2. Setting standards is inherently a policy issue requiring the consideration of costs and benefits. States have invested billions into developing and carrying out implementation plans to meet ever lower standards chasing marginal benefits. Cost and the question of how much is too much rightly belong with elected representatives of the American people, not an unelected panel of bureaucrats and scientists from the EPA.
But the Clean Air Act forbids the EPA from considering the costs of implementing the ozone standard when deciding whether a new standard is warranted. As one former EPA science adviser has commented, “does any thinking person actually believe that they shouldn’t, or don’t [take cost into account in promulgating standards]?” Pretending that costs and policy judgments aren’t being made by the EPA is a disservice to Americans.
Why else would EPA choose a 70-ppb standard when allegedly there are health benefits to the 65-ppb standard EPA also considered? President Obama himself explicitly stated that cost was the reason he requested that the EPA withhold its proposed standard in 2011, stating the need for “reducing regulatory burdens and regulatory uncertainty, particularly as our economy continues to recover.” If the human well-being as it relates to the economy mattered then, shouldn’t it matter now?
3. A tighter ozone standard sets up perverse competition among states. Curiously, some of the loudest advocates for lower ozone standards are the worst offenders. George Washington University’s Susan Dudley has called them out on their disingenuous concern: “From the perspective of nonattainment areas, strict standards that throw areas in other states out of attainment ‘level the playing field.’ Areas that are already out of attainment have little to lose from stricter standards, but they gain relative to competing states which will have nonattainment conditions imposed on them.”

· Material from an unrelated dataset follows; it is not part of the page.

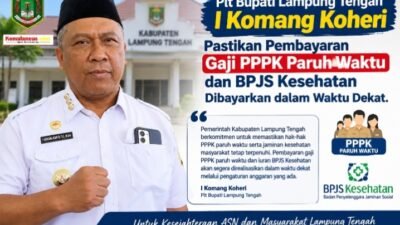 Plt Bupati Lamteng I Komang Koheri Pastikan Gaji PPPK Paruh Waktu dan PBI BPJS Kesehatan Tetap Terbayarkan.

Exceeding the ozone standard saddles a state with weighty economic requirements and timelines to meet the standard. For example, in order to meet the 1997 ozone standard, Texas created the Texas Emissions Reduction Program, costing Texans $1 billion in the form of a new car title fee to pay for retrofitted and replacement engines, trucks, and construction equipment. Rather than rewarding improvement, many areas could be in violation of the standard not because of more pollution, but because of shrinking standards.
4. Good environmental policy is about choices. Speaking about the then-proposed ozone standard, President Obama said in September that “[n]umber one, we’re under a court order to do this. So I think there may be a misperception that the EPA can do whatever it wants here.” But this is misleading. The Clean Air Act does in fact require the EPA to evaluate the ozone standard every 5 years, a timeline which itself is overly ambitious and to which the EPA has only rarely kept. However, neither the law nor the courts enforcing it required EPA to change the standard.

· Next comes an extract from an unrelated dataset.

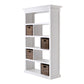 Classic White Room Open Cabinet with Basket Set By Homeroots | Shelves & Shelving Units | Modishstore - 3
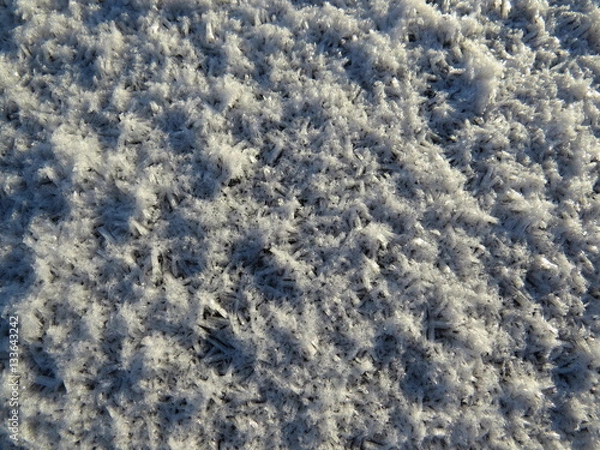 Obraz Snow crystal background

At the same time Obama argued that EPA had no choice but to regulate, he continued that EPA was considering stakeholder concerns regarding “legitimate economic costs,” a choice that the Clean Air Act expressly forbids it to consider. The ozone standard has become only more controversial as it becomes more expensive to meet with smaller margins of tangible benefits (as opposed to modeled hypothetical ones). EPA is now setting American economic policy as it sets environmental policy. At the very least, EPA should be required to take economic impacts into consideration.
The ozone standard is a major policy decision that impacts millions of Americans and has steep economic costs. The EPA looks at only one small slice of the issue in isolation from many others. To relegate such a far-reaching decision to an unelected agency is dangerous. Congress must step in to look at the full picture.